=== Section Start ===

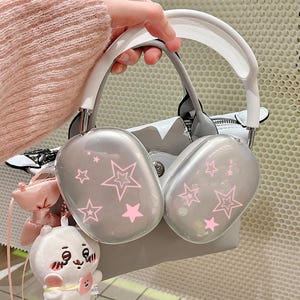 以下が含まれることがあります： ピンクの星のデザインが施されたシルバーのオーバーイヤーヘッドホン。ヘッドホンは白いヘッドバンドとグレーのイヤーカップを備えています。小さなぬいぐるみとピンクのバッグも表示されています。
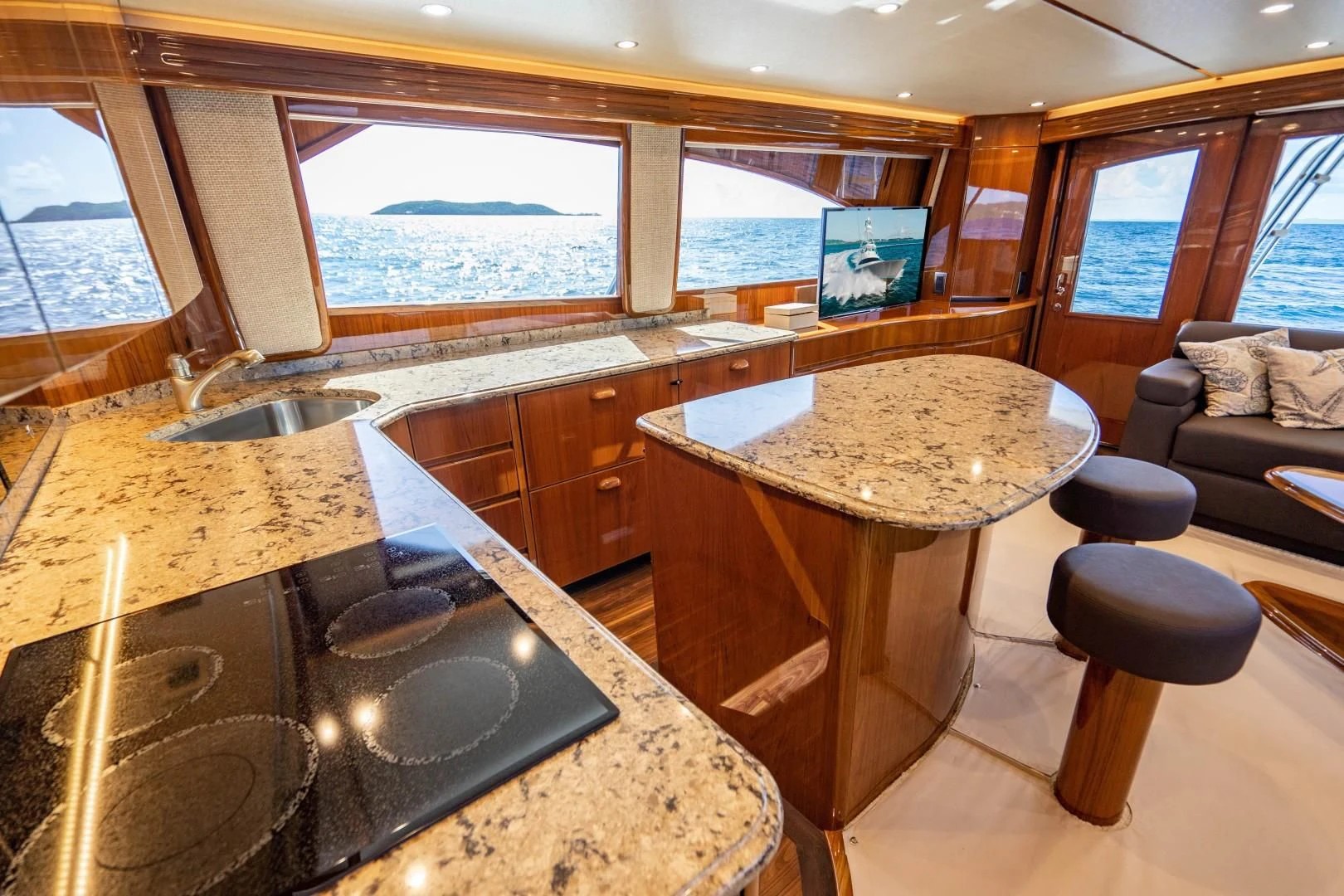 a kitchen with a bar and a table aboard PLAN B Yacht for Sale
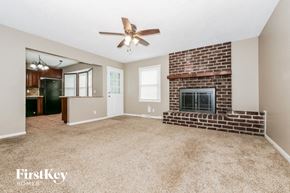 Grandview house for rent - A spacious living room with a brick fireplace and a ceiling fan.
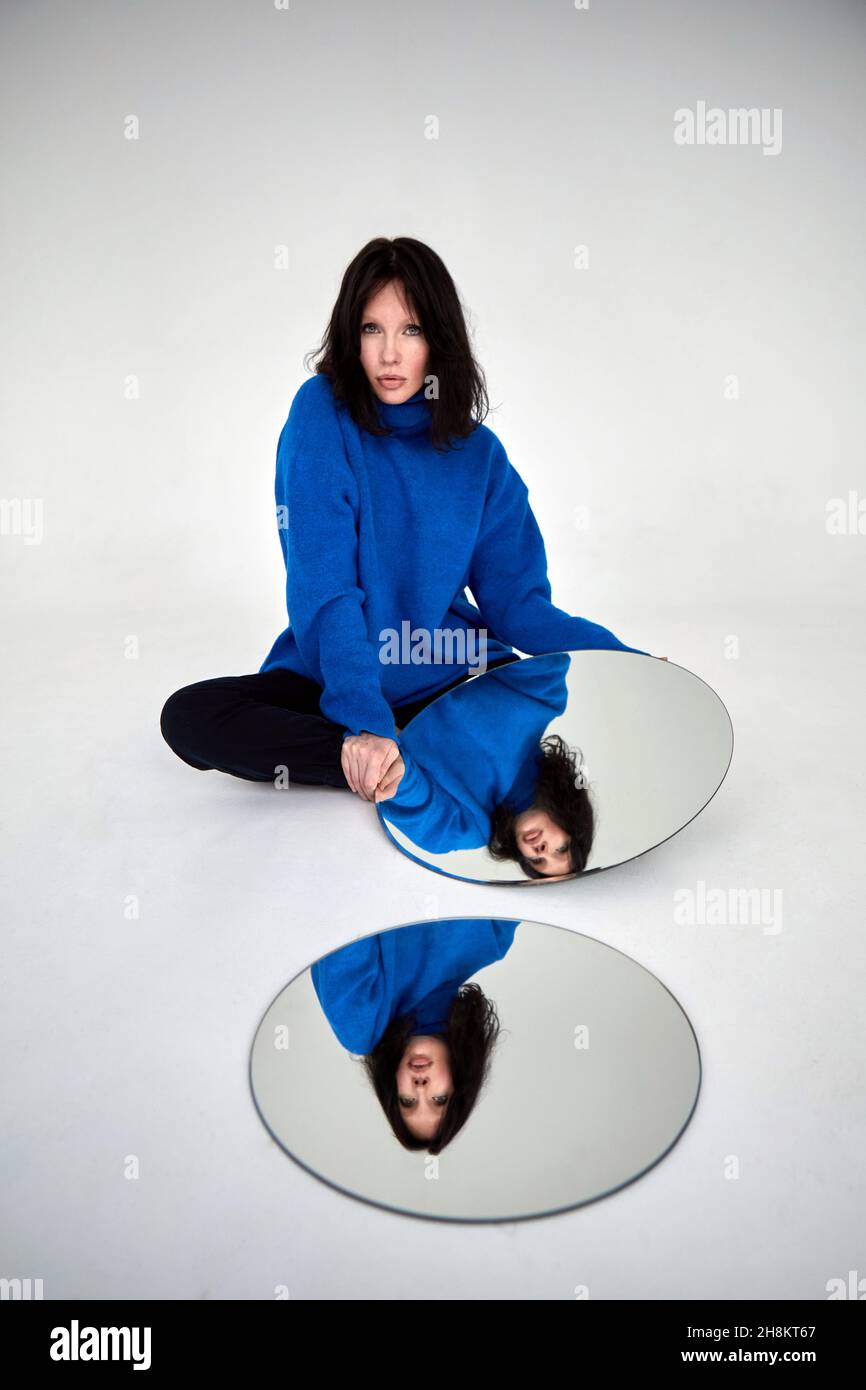Unemotionale Frau, die im Studio mit runden Spiegeln auf dem Boden sitzt und selbstbewusst auf die Kamera blickt Stockfoto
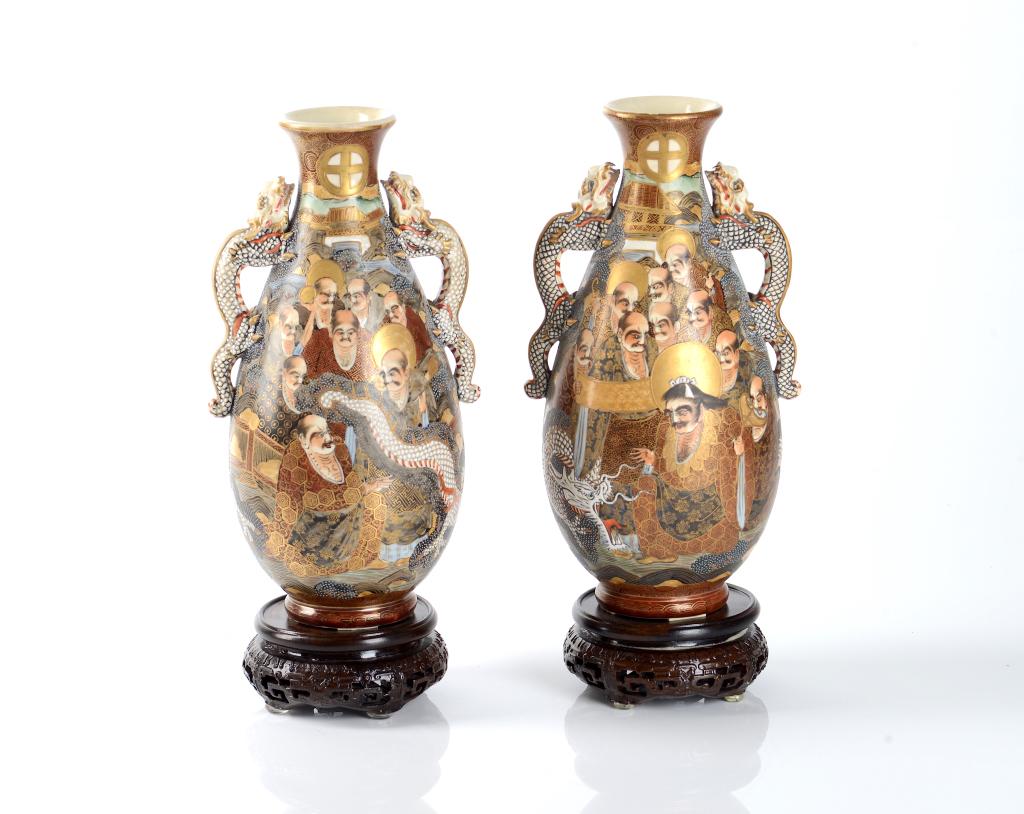 PAIR OF JAPANESE SATSUMA VASES: Meiji Era (1868-1912). A pair of vases painted with faces of men and white dragon handle detailing. Fixed to wood stand. H: 25.4 cm (10 inch.) Condition report available upon request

=== Section End ===

> Your assignment
Restate, exactly as they appear, the line with "a kitchen with" and all the lines after it up to the end of the data above; images do not belong in the copy.

> Expected answer
 a kitchen with a bar and a table aboard PLAN B Yacht for Sale
 Grandview house for rent - A spacious living room with a brick fireplace and a ceiling fan.
Unemotionale Frau, die im Studio mit runden Spiegeln auf dem Boden sitzt und selbstbewusst auf die Kamera blickt Stockfoto
 PAIR OF JAPANESE SATSUMA VASES: Meiji Era (1868-1912). A pair of vases painted with faces of men and white dragon handle detailing. Fixed to wood stand. H: 25.4 cm (10 inch.) Condition report available upon request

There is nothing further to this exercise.